No chamado jogo da vida: vale tudo? Ou será que o limite é o quanto vale uma consciência tranquila?
Acabei de assistir “A Sociedade da Neve“, produção uruguaia lançada em 2023. O filme narra a tragédia e a luta de sobreviventes de um voo partindo do Uruguai, com destino ao Chile, que colide com uma geleira nos Andes em 1972. Apenas 29 dos 45 passageiros sobreviveram ao acidente. E, no final, apenas 16 continuam vivos e são resgatados.
Trata-se de um drama real, sombrio e, ao mesmo tempo, comovente, que mistura vontade de viver com a necessidade de lidar com a dura realidade da morte. Presos no meio do nada e cercados por geleiras intransponíveis, aqueles que ficam precisam tomar decisões. Para manterem seus corpos vivos, os 16 sobreviventes decidem se alimentar com os restos mortais de seus amigos e conhecidos.
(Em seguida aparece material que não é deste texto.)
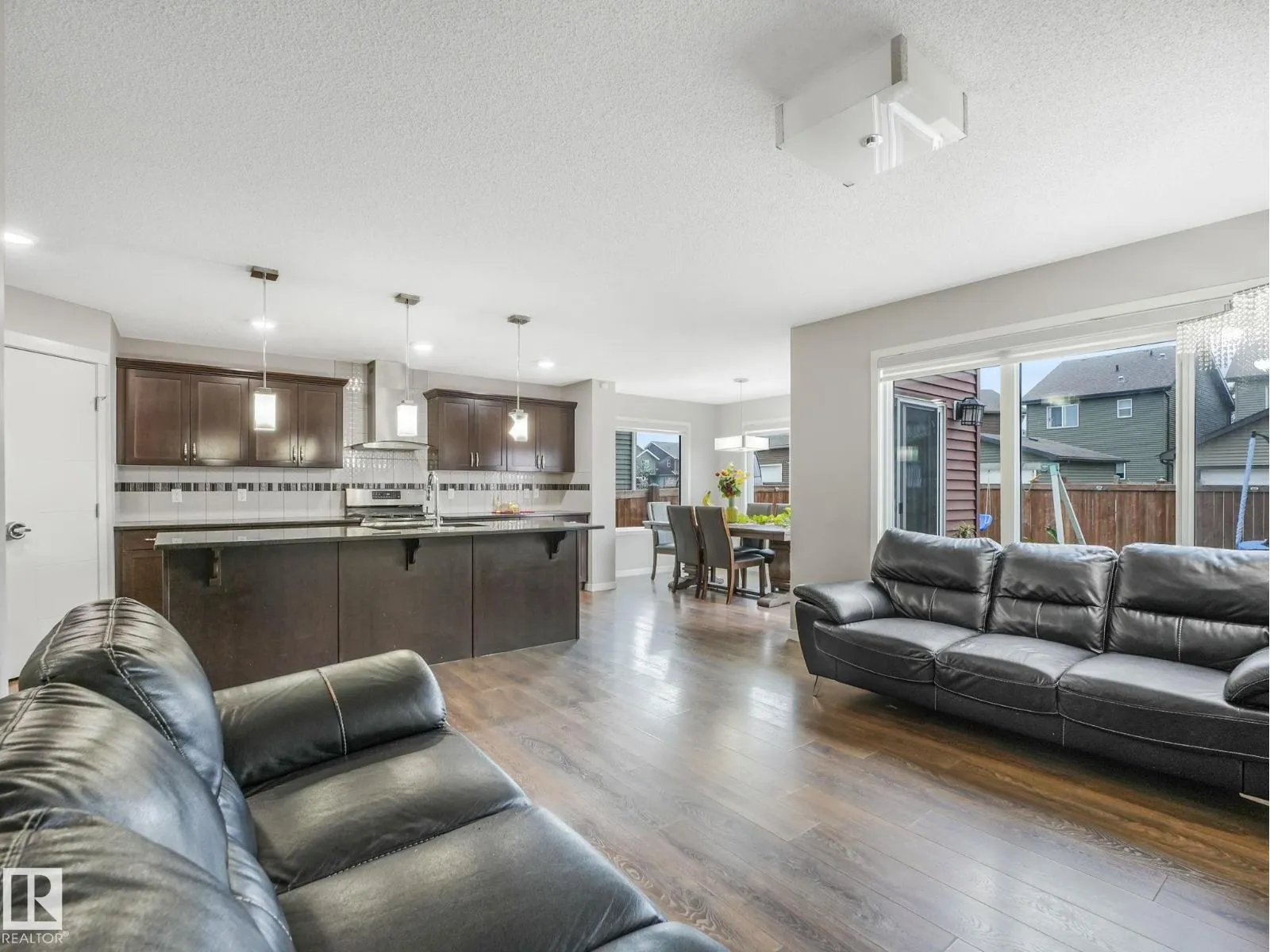 3621 CHERRY LI SW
Essa é a história real, isso é o que aconteceu. Porém, a reflexão que me vem à mente e, sobretudo, preenche meu coração, é construída com uma pergunta que tem me perseguido nesses últimos tempos. Vale tudo? Vale tudo mesmo para atingir um objetivo?
Comovido com a tragédia desses jovens uruguaios dos idos de 1972, me vejo tomado pela inquietação, pela percepção perturbadora dos caminhos pelos quais a vida, por vezes, nos conduz e sobre as escolhas que precisamos fazer.
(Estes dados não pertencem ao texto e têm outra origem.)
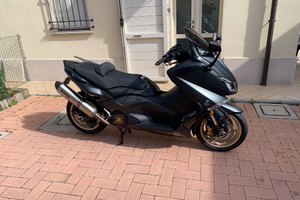 Yamaha t max Iron Max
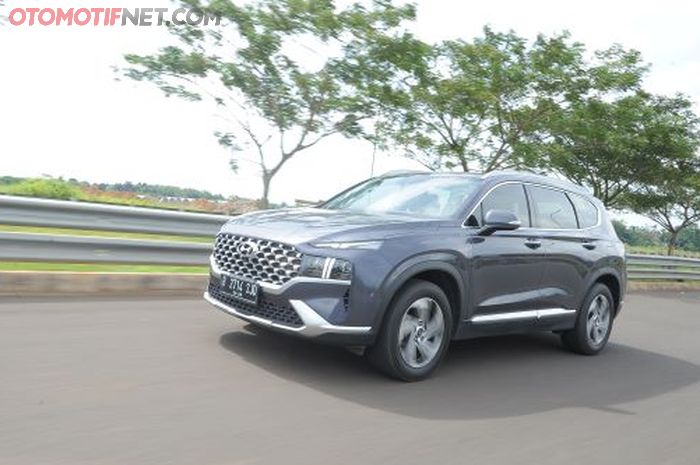 Hyundai Santa Fe D2.2 8AT Signature saat dijajal oleh Tim OTOMOTIF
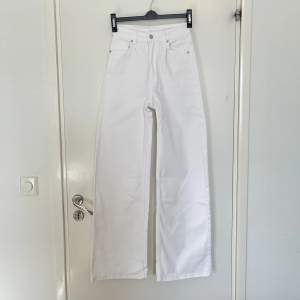 Snygga och sköna vita jeans från H&M i storlek  34. Ganska långa på mig som är 158 cm lång. Endast använda ett fåtal gånger 🤍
Vale tudo para conseguir um emprego e se manter nele? Vale tudo para manter uma relação afetiva? Vale tudo para acumular dinheiro? Vale tudo para defender um país? Vale tudo para ganhar uma eleição? Vale tudo para manter o poder, após a eleição? Vale tudo para continuar vivo? Vale tudo? Vale ser desleal, possessivo, ganancioso? Vale cometer genocídio para defender um pedaço de terra que chamamos de país? Vale qualquer tipo de acordo, ainda que espúrio, para ganhar uma eleição e se manter no poder? Vale comer carne humana de amigos e conhecidos para manter seu próprio corpo vivo?
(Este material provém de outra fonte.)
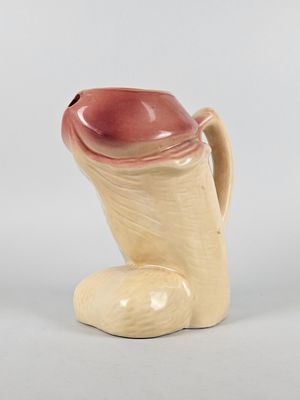 un petit vase muni d'une anse, posé sur une table
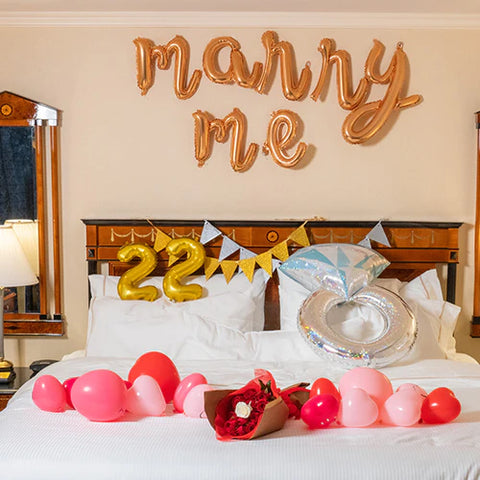 プロポーズの演出がされた部屋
O drama desses jovens uruguaios tocou meu coração e inundou minha alma com essa enxurrada de indagações. Na época com idade média de 21 anos, os 16 sobreviventes continuam vivos até hoje, talvez eles próprios carregando também essas indagações.
Então, meu coração me diz, com um esforço honesto de evitar juízo de valor, “Não, não vale tudo!”. Não vou deixar de ser socialista para combater o capitalismo, não vou usar as armas do fascismo para lutar contra o fascismo, não vou compactuar com a perfídia, com a sordidez do jogo político, não seguirei pelos caminhos da vida praticando canibalismo existencial contra terceiros ou, pior, contra mim mesmo. Quero botar a cabeça no travesseiro e dormir com alguma tranquilidade, seguindo na luta.
No filme, a história é narrada por um dos jovens que não sobreviveram. Essa construção de foco narrativo denota uma certa ironia, é emblemática.